Output every line below as it stands, dropping only the images.

=== Begin Enclosure ===

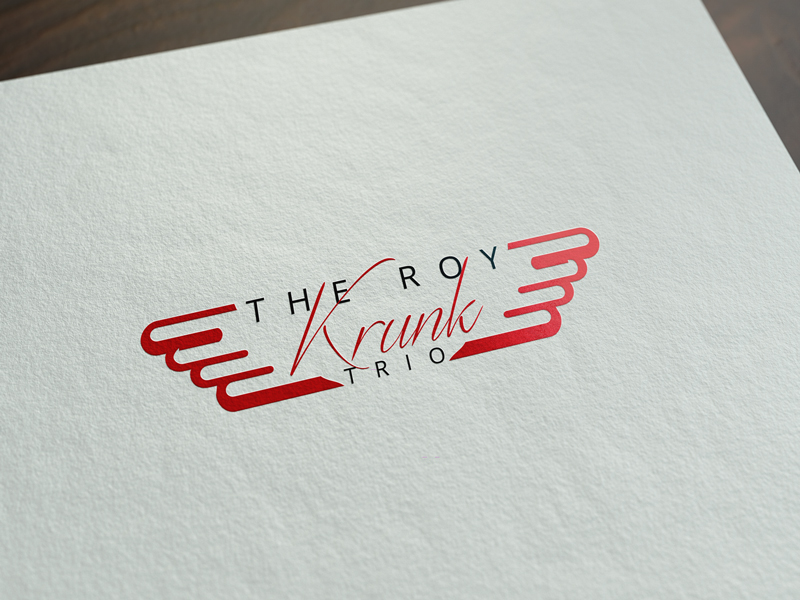 Diseño de Logo por hrahman25091979 para este proyecto | Diseño #9433691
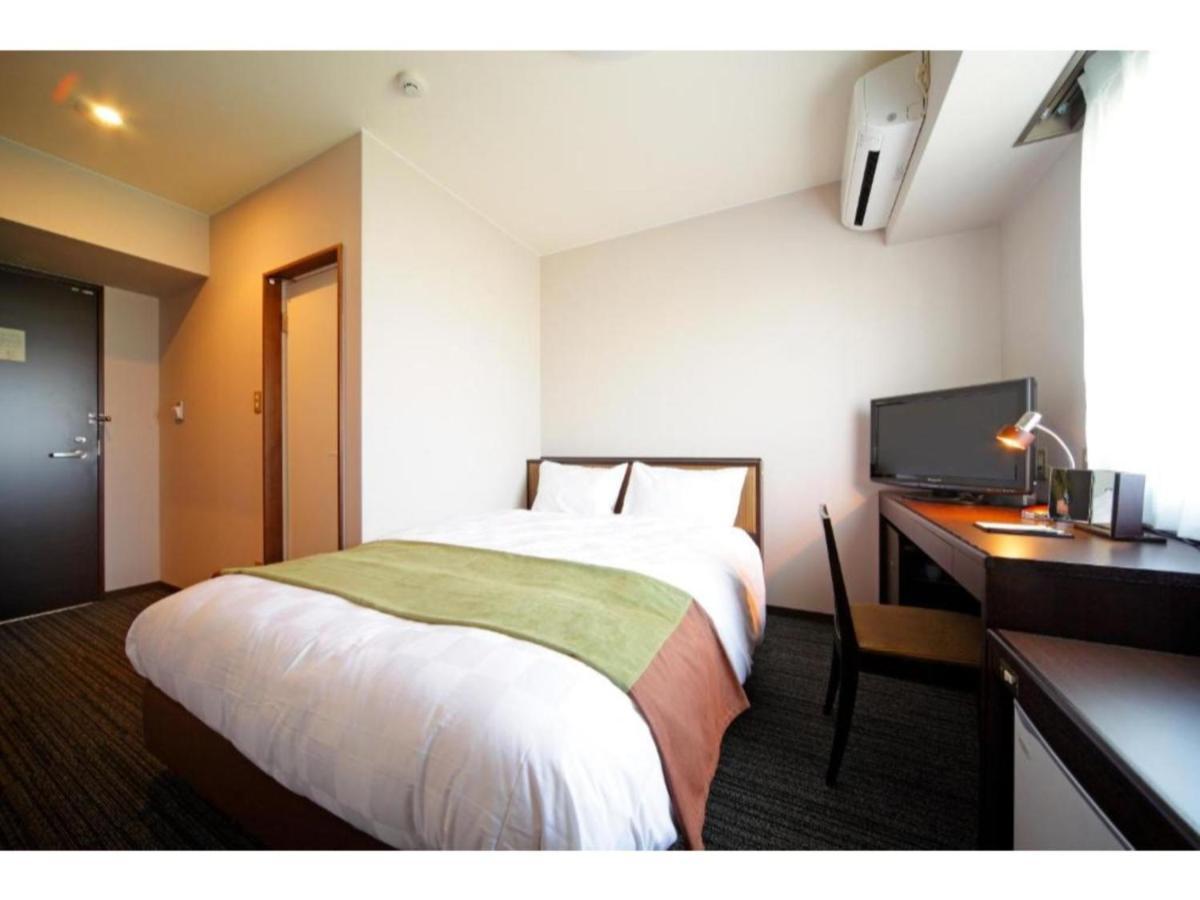 Green Hotel Yes Nagahama Minatokan - Vacation Stay 24699V Ngoại thất bức ảnh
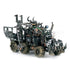 Warhammer 40K Orks Trukk
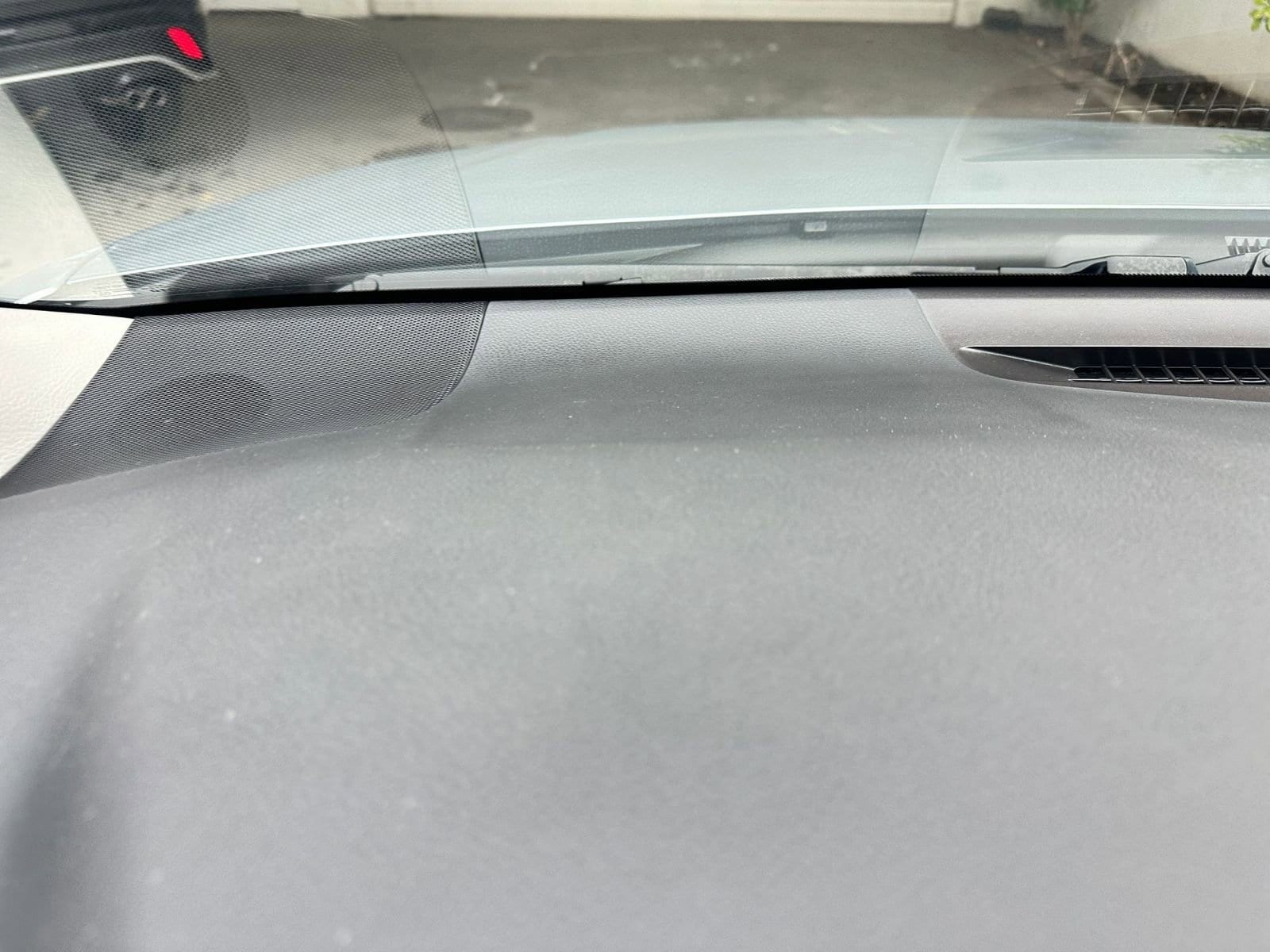 Thumbnail: 2025 Toyota Camry - 34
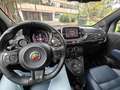 Abarth 695 1.4T JET RIVALE AUT. 132KW Rivale - thumbnail 9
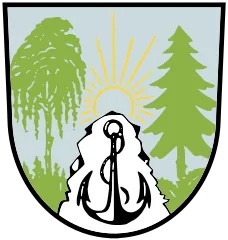 Emblem of Hainewalde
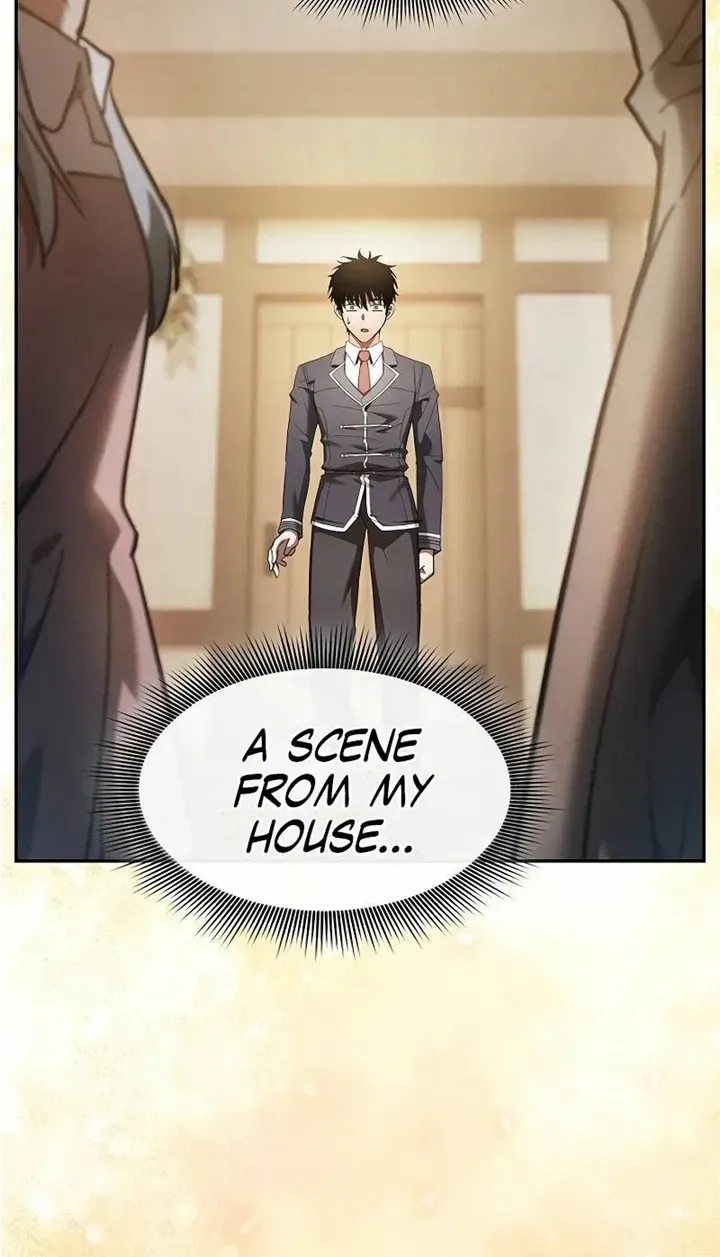 Read Academy’s Genius Swordmaster chapter 32 image 57 on Lezhin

=== End Enclosure ===

## RESPONSE
 Diseño de Logo por hrahman25091979 para este proyecto | Diseño #9433691
 Green Hotel Yes Nagahama Minatokan - Vacation Stay 24699V Ngoại thất bức ảnh
 Warhammer 40K Orks Trukk
 Thumbnail: 2025 Toyota Camry - 34
 Abarth 695 1.4T JET RIVALE AUT. 132KW Rivale - thumbnail 9
 Emblem of Hainewalde
 Read Academy’s Genius Swordmaster chapter 32 image 57 on Lezhin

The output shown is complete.